В моем чудесном избавлении больше насмешки, чем милости. Мое имя в небесных свитках не значится. Плевали боги на меня с высокой колокольни. Когда я рождался, произошел какой-то сбой на небесной фабрике (забастовка, дефицит материалов); нечто грандиозное готовилось, но в последний момент сорвалось, и на Землю чартерным рейсом спустили меня. С одной стороны, хорошо, когда о твоем существовании мало кто подозревает, с другой — судьба так и норовит сыграть с тобой крапленой картой. Вся моя жизнь была грандиозным надувательством, нелепым, с оттенком черного юмора, недоразумением.
Мир меняется. Земля все чаще делает вид, что я стал для нее слишком тяжел; кости притворяются хрупкими, сердце тянет тоскливую лямку, память скукоживается, как брошенная в костер травинка, и скоро догорит совсем. У меня есть дети, внуки, парочка бывших жен, десяток забытых друзей и свой собственный, очень импозантный дворецкий. Я плачу налоги и читаю газеты, поливаю фикус и пропускаю даму вперед, а между тем — мне по-прежнему девять и ни секундой больше. Я все тот же шкет в обносках, который сидит в дырявой лохани, болтая ногой. Кто придумал цифры? Встречу — руки не подам.
Я никогда не умру; никто никогда не умирал, они все прятались. Выходите! Сыграем в другое.
Мир меняется. Новое и загадочное нарождается в нем. Последняя врачебная ревизия обнаружила у меня внутри совершенно новое и загадочное уплотнение, до смешного напоминающее длинноносую рыбу. Я совсем не удивился; я с этой рыбкой знаком: я проглотил ее в тот далекий сумрачный день, и с тех пор она жила во мне, щекотно и неспешно подрастая. Эта рыбешка — Карасик с Дюковым носом. Врачи удивлялись моему неудивленью, говорили, что не поздно еще вырезать рыбку к чертовой матери, и задушевно водили фломастером вокруг ее крошечной головы. А я смотрел на знакомый до боли нос, детский округлый животик и царственно, по-отечески гордо улыбался.

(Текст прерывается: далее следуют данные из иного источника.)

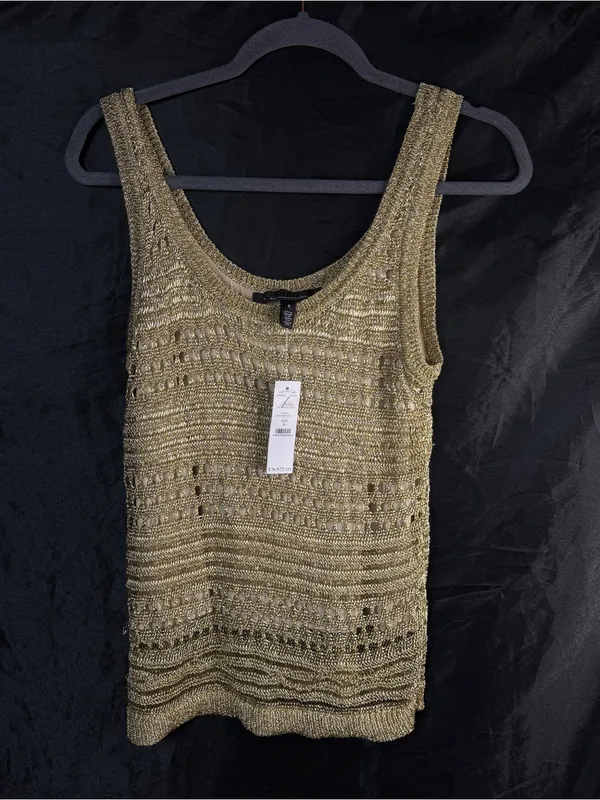 White House | Black Market NWT Metallic Gold Crochet Tank Top - Sleeveless Knit - Image 2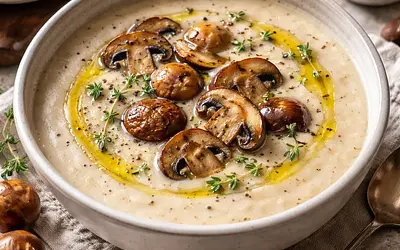 Creamy mushroom soup with chestnuts and truffle oil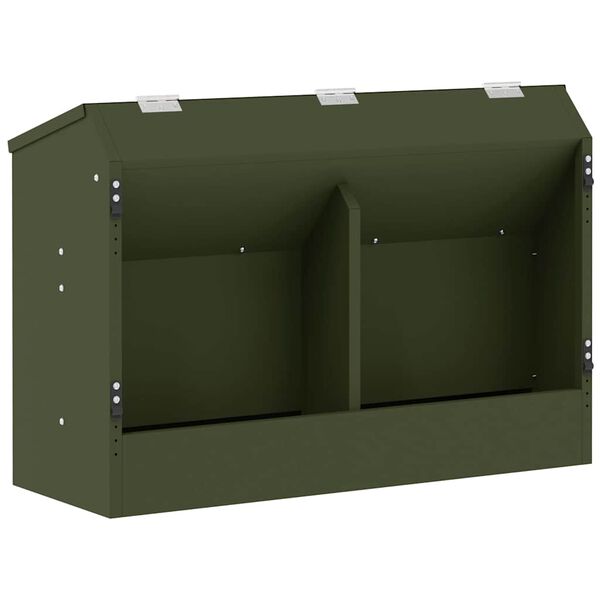 vidaXL Comedouro para Coelhos Verde Oliva 64.5 x 25.5 x 45.5 cm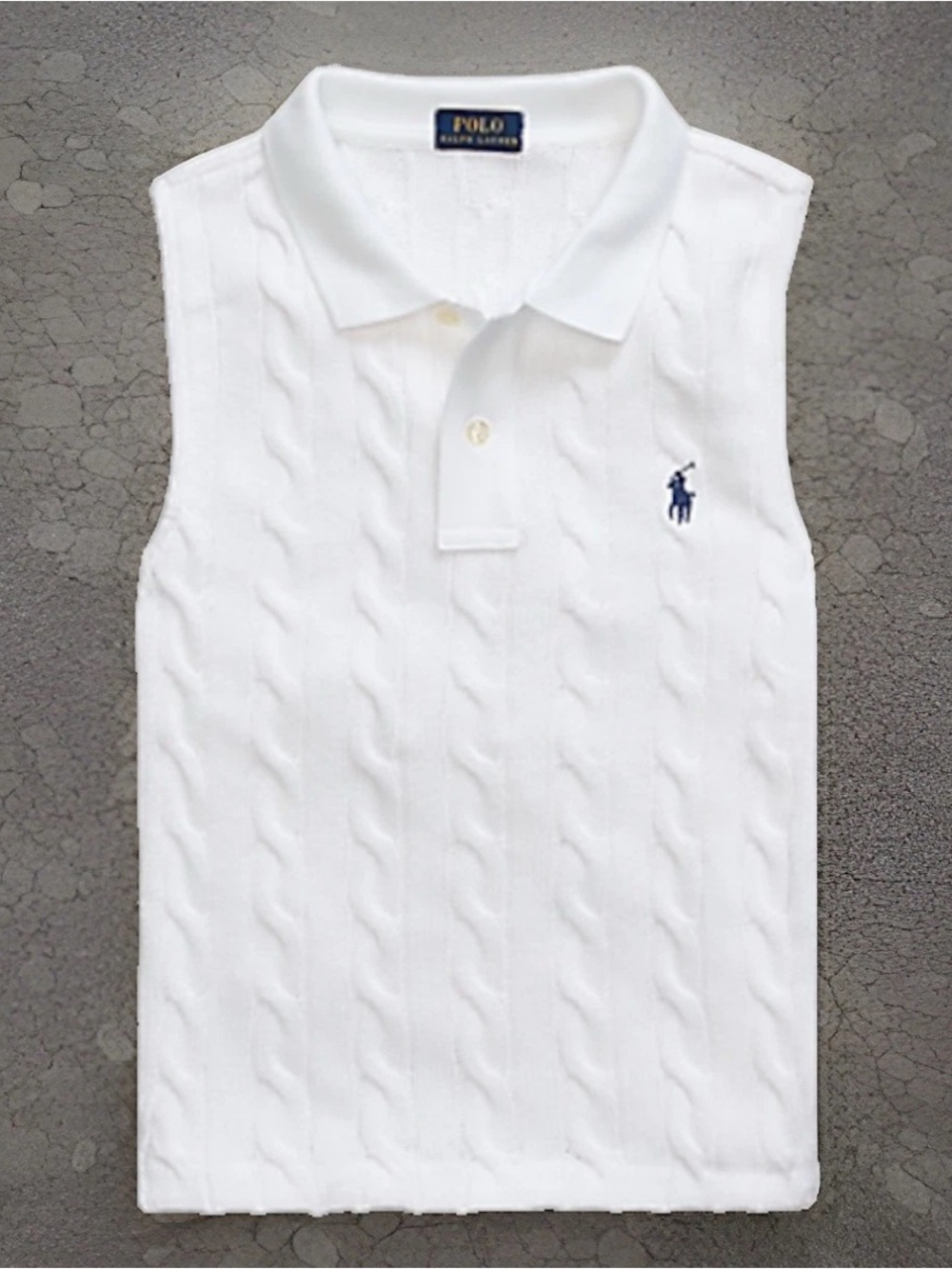 Polo Ralph Lauren Cable Knit Sleeveless Polo Shirt - Picture 1 of 8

Признаться честно, если бы не рыбка, я ни за какие коврижки не вернулся бы в наш желтый городок. Я избегаю моря и желтизны, но теперь все это не имеет никакого значения: теперь я совершенно, безоговорочно счастлив. Мне девять. Меня тошнит по утрам — я снова мальчишка, которого тошнит соленой морской водой! О том, чтобы резать Карасика, и речи быть не может.
Я так и не стал художником, хоть и должен был, — уже потому, что старуха, эта глупая девочка в школьной форме, пошла против логики, судьбы, небесных свитков и спасла меня — единственного из нас троих, кого спасать не следовало, единственного, в ком художника не было ни на грош.
Я так и не стал художником, но все же написал одну-единственную картину: как мог, корявыми, робкими мазками, с шаткой перспективой, пьяными пропорциями, не так лежащими тенями, застывшими кусками краски тут и там, и сейчас просто подписываю, водя острым камешком по песку, подписываю, как подписывали до меня и, может быть, подпишут после.
Говорят, перед смертью глаза попугая Жако желтеют — я думаю, он из наших мест. Мои глаза были желтыми всю жизнь.
Сейчас я разденусь и не спеша, чтобы полностью насладиться моментом, зайду в живую, веселую воду. На аккуратной стопке одежды тут же усядется чайка и станет с любопытством смотреть в заштрихованную солнцем даль. Солнце будет щипаться, скользить по плечам, кубарем катиться по позвоночнику; море обнимет, наполнит, побежит по сосудам, и мы все вместе — я, Дюк и Карасик — заплывем за искристую линию горизонта, как мечтали когда-то.